Data records: Begin
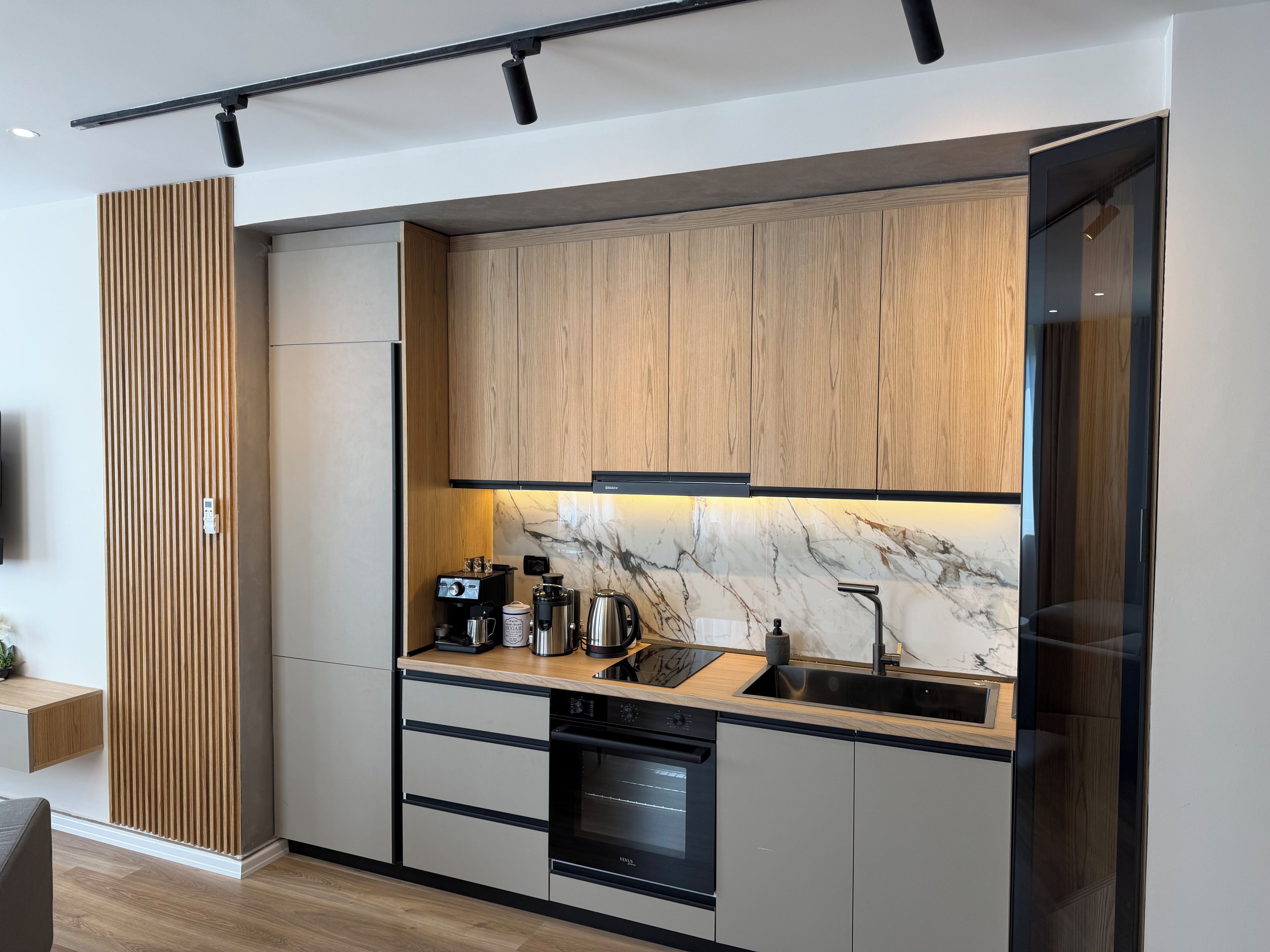 Eine moderne Küche mit Holzausstattung, einer Marmor-Spritzschutzwand und integrierten Geräten.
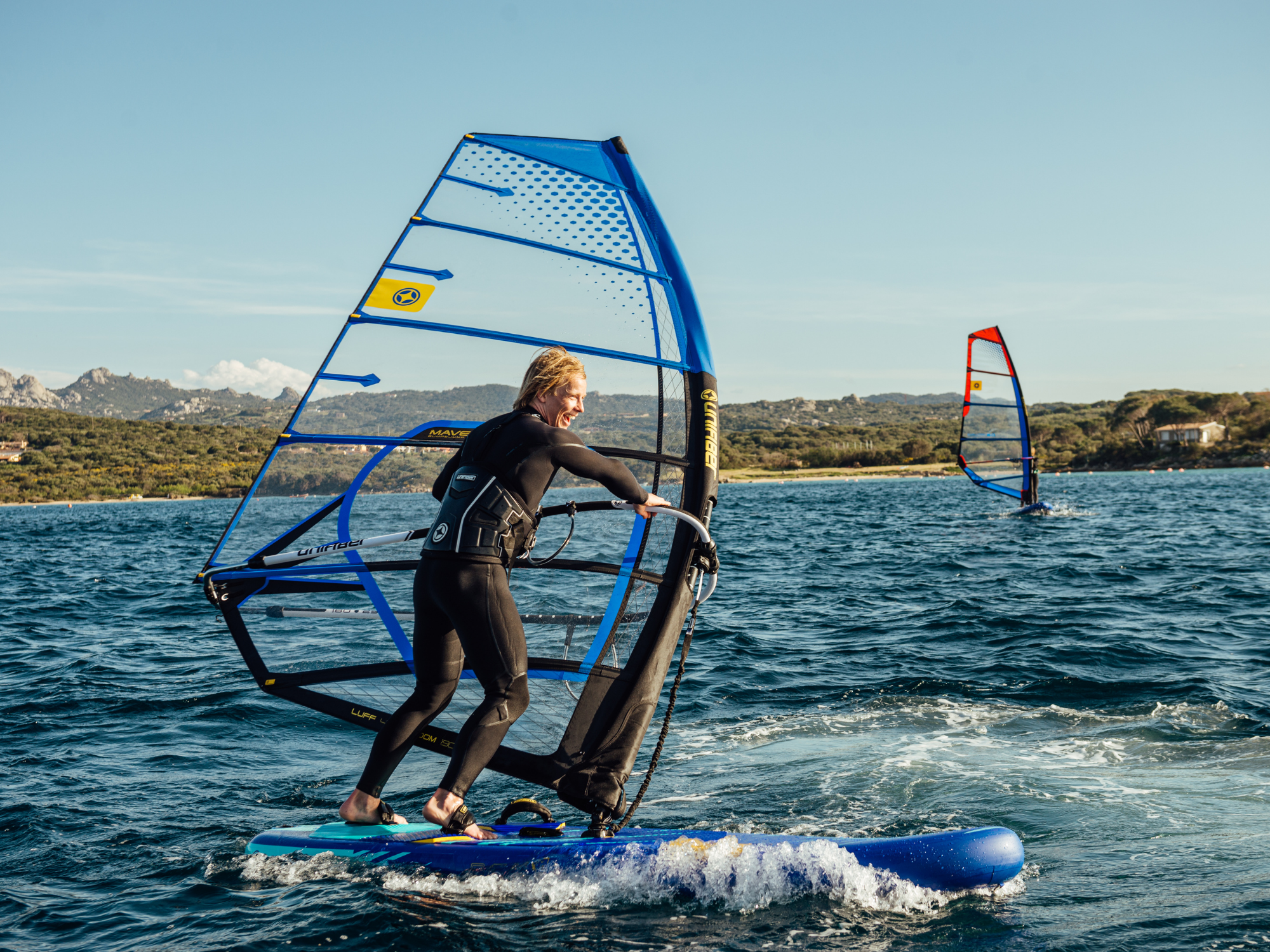 Unifiber Skywatch anemometer in action: Windsurfer navigates blue waters using precise wind measurement tech for optimal sail selection. 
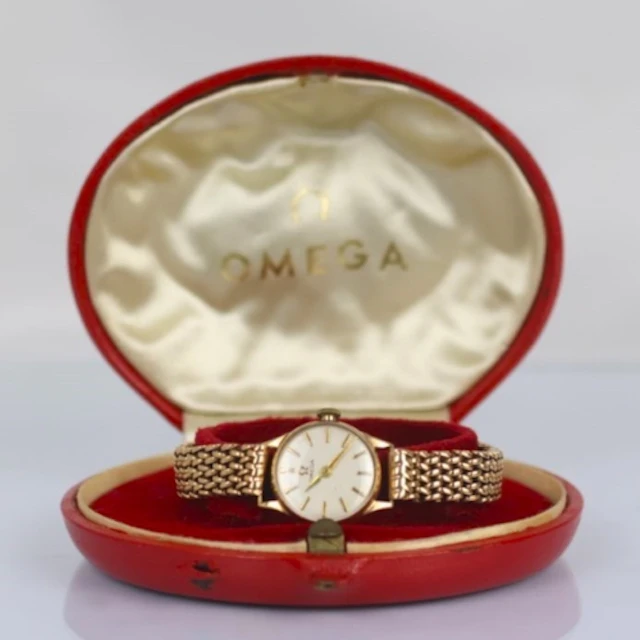 A late 20th century 9ct gold ladies Omega wristwatch, the ci...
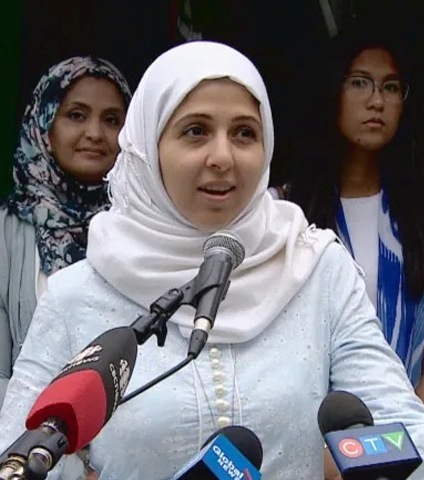 Noor Al-Henedy sitting on steps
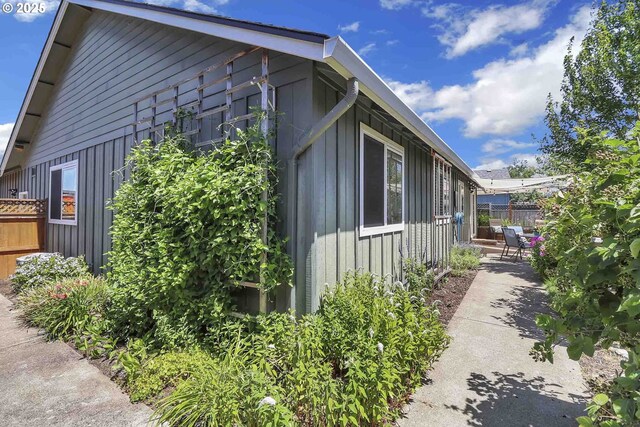 5986 Rombauer Rd, Eugene, OR 97402 - view of side of home featuring board and batten siding and a patio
Data records: End
Task statement. Pictures must be left out when the records are transcribed exactly.

Your response.
 Eine moderne Küche mit Holzausstattung, einer Marmor-Spritzschutzwand und integrierten Geräten.
 Unifiber Skywatch anemometer in action: Windsurfer navigates blue waters using precise wind measurement tech for optimal sail selection. 
 A late 20th century 9ct gold ladies Omega wristwatch, the ci...
 Noor Al-Henedy sitting on steps
 5986 Rombauer Rd, Eugene, OR 97402 - view of side of home featuring board and batten siding and a patio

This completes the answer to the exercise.